» **WHAT IS NEEDED**
Under this line is a listing; return exactly the lines starting at the one with "Borxhet e Bashkisë" and running down to the one with "APPLE Verre Trempé", and leave out its pictures.

» **RECORDS SHOWN**
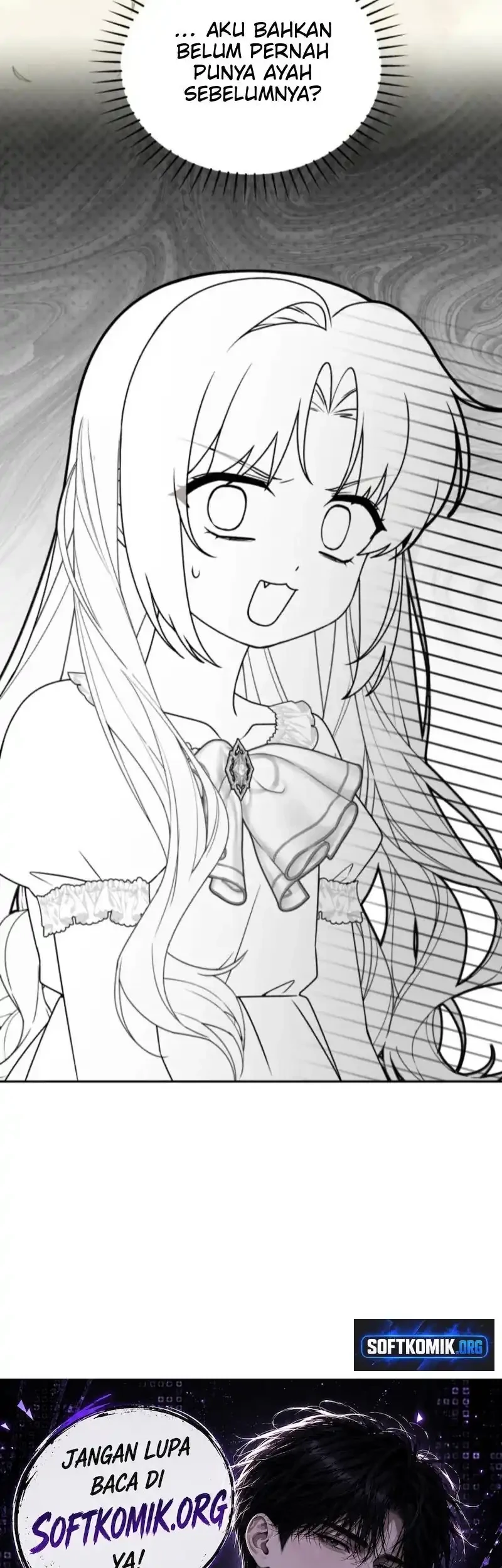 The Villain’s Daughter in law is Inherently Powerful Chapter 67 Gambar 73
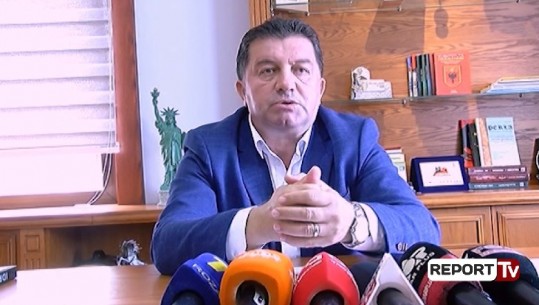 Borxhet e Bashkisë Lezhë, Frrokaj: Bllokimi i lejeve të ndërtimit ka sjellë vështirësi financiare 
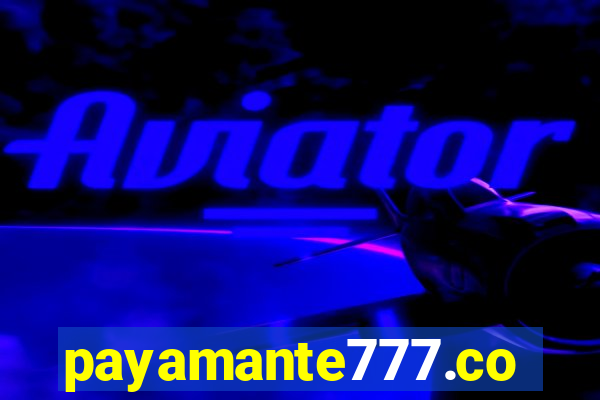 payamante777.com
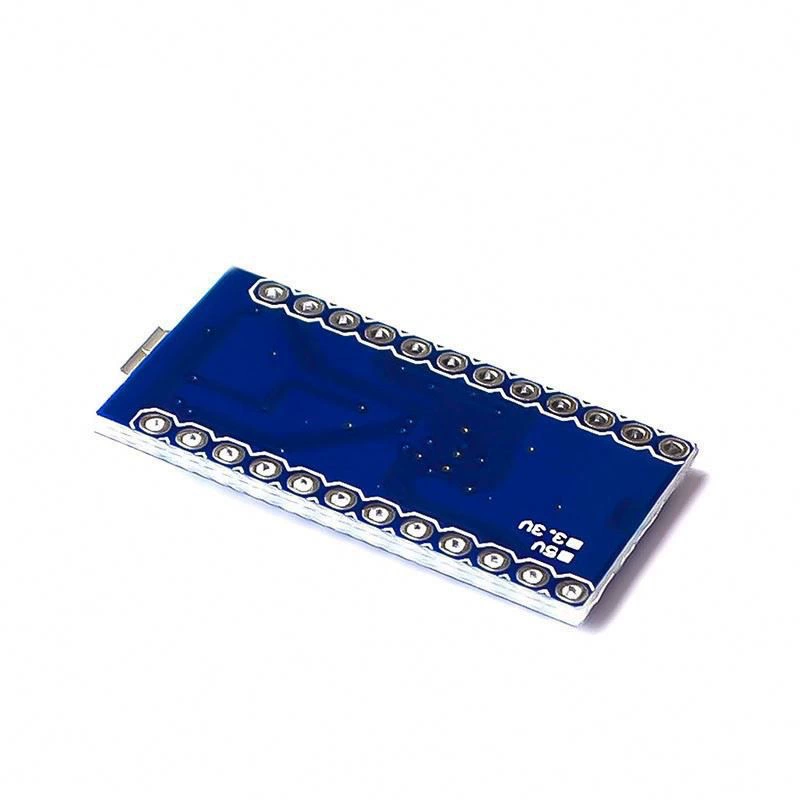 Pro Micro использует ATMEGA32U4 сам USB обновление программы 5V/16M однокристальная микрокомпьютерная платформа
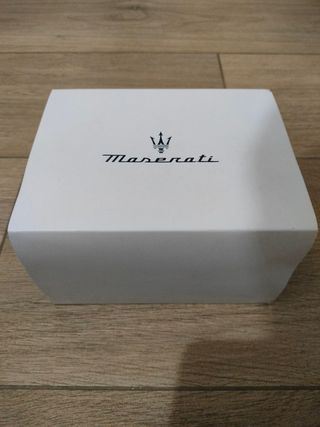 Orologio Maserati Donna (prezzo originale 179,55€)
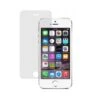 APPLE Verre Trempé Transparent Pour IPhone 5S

* * *

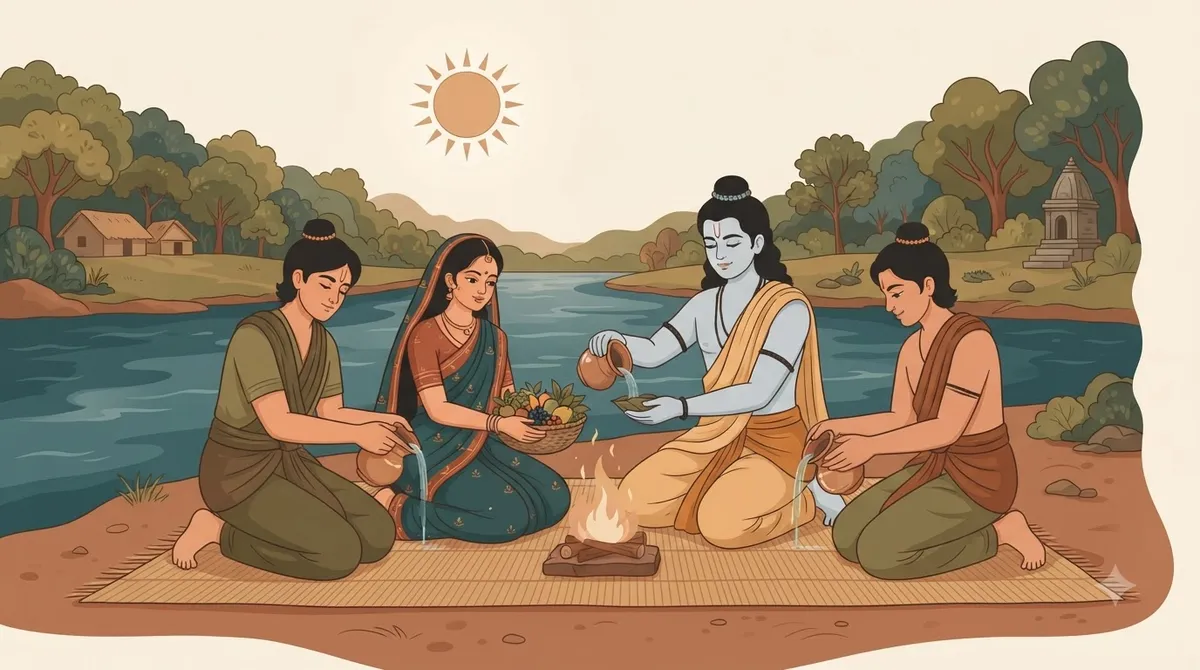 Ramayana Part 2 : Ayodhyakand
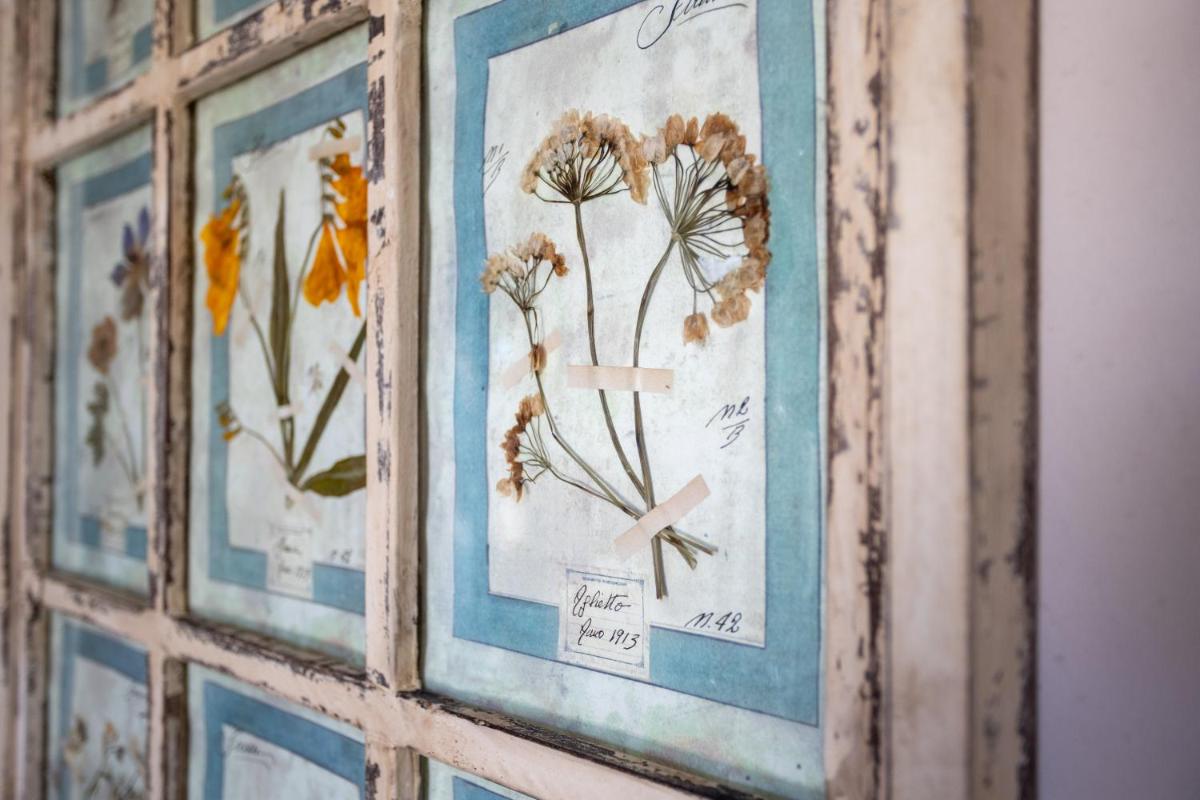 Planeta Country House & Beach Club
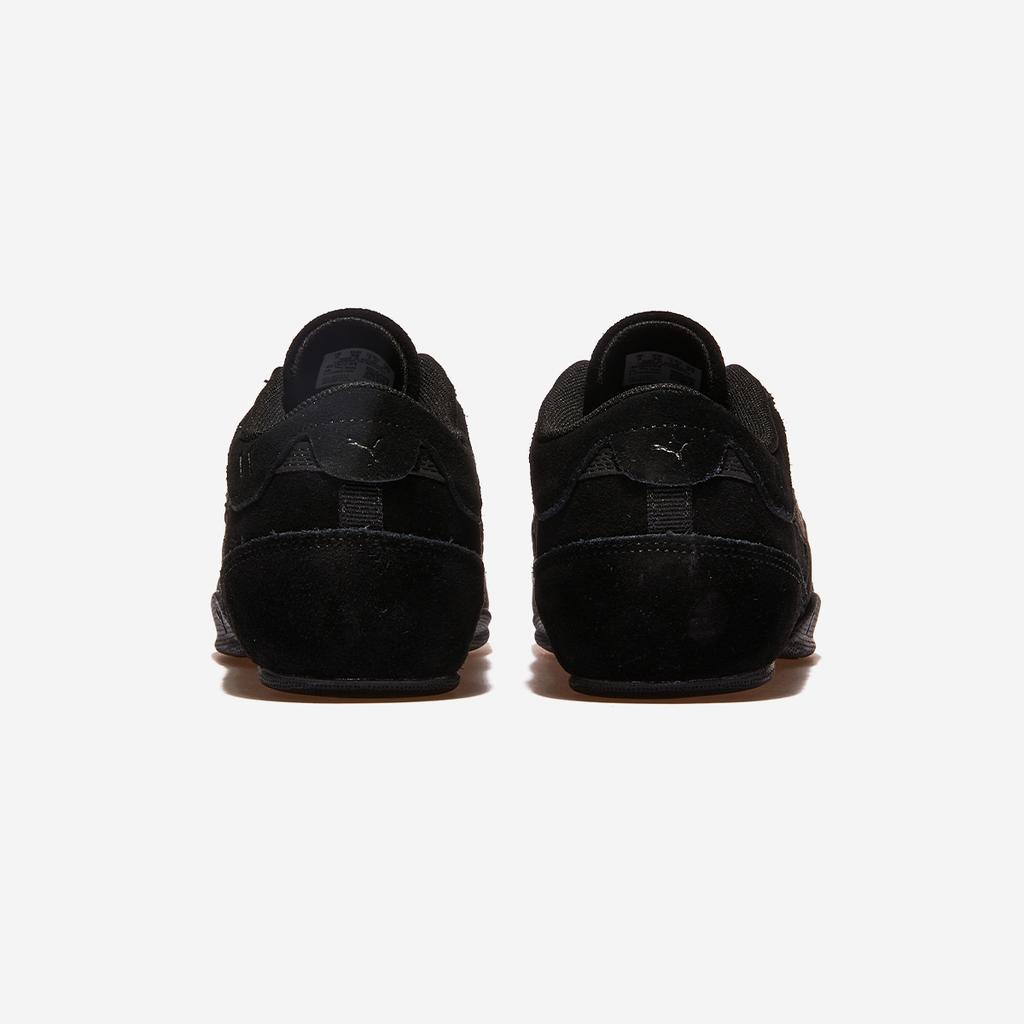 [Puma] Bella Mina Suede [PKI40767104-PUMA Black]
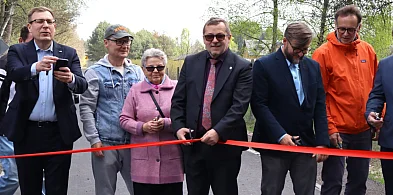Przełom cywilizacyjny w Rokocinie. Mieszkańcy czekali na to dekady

---

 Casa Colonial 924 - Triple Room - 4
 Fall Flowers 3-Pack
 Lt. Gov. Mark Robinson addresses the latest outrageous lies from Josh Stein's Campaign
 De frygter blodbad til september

» **SOLUTION TO THIS TASK**
 Borxhet e Bashkisë Lezhë, Frrokaj: Bllokimi i lejeve të ndërtimit ka sjellë vështirësi financiare 
 payamante777.com
 Pro Micro использует ATMEGA32U4 сам USB обновление программы 5V/16M однокристальная микрокомпьютерная платформа
 Orologio Maserati Donna (prezzo originale 179,55€)
 APPLE Verre Trempé Transparent Pour IPhone 5S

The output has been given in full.